Beulah Hill Fire
Shortly after the Beulah Hill Fire erupted on Oct. 3, 2016, the Division of Fire Prevention and Control responded to provide resources, firefighters and leadership to assist with managing the fire. Members of Fire Prevention and Control stepped up to serve key roles in incident command of the response during the early days of fire, before handing command off to an incident management team. DFPC firefighters worked the fire on the ground, and the state’s multi-mission aircraft provided critical fire information from the air.
Troopers from the Colorado State Patrol helped keep residents and their homes safe by assisting with road blocks and traffic control.
CBI investigators assisted with on-the-ground investigations to determine what caused the fire.

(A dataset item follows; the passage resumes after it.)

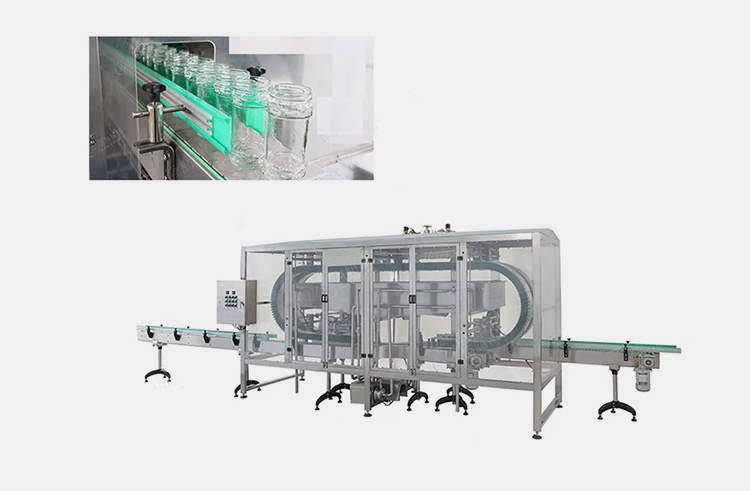 Automatic Plastic Bottle Washing Machine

The Division of Homeland Security and Emergency Management operated the State Emergency Operations Center to provide resources and support. Staff also reported to the Pueblo Emergency Operations Center and to the Incident Command Post to help manage the incident and to plan recovery efforts to help Beulah residents who suffered losses in the fire.
Even after evacuations had been lifted, CDPS employees continued to support ongoing operations. Firefighters assisted with final containment and mop-up efforts. DHSEM recovery specialists played key role in coordinating a disaster assistance center and a donation center. They also are managing emergency assistance that Governor Hickenlooper authorized for residents who lost their primary residences in the fire.
Emergency responders had little time to rest before another wildfire on Oct. 17 quickly spread in red-flag conditions 11 miles west of Westcliffe -- not far from the Beulah Hill Fire.
Once again, DFPC sent firefighters and resources to the scene, and a DFPC Type III team assumed incident command before handing off to a type I incident management team. The Multi-Mission Aircraft took to the air to provide data about the size, location and hot spots of the fire. DHSEM activated the state EOC to coordinate resources and sent staff to the field, including a PIO to assist with media and public information.
Road closures meant a call for help from the Colorado State Patrol to ensure traffic safety.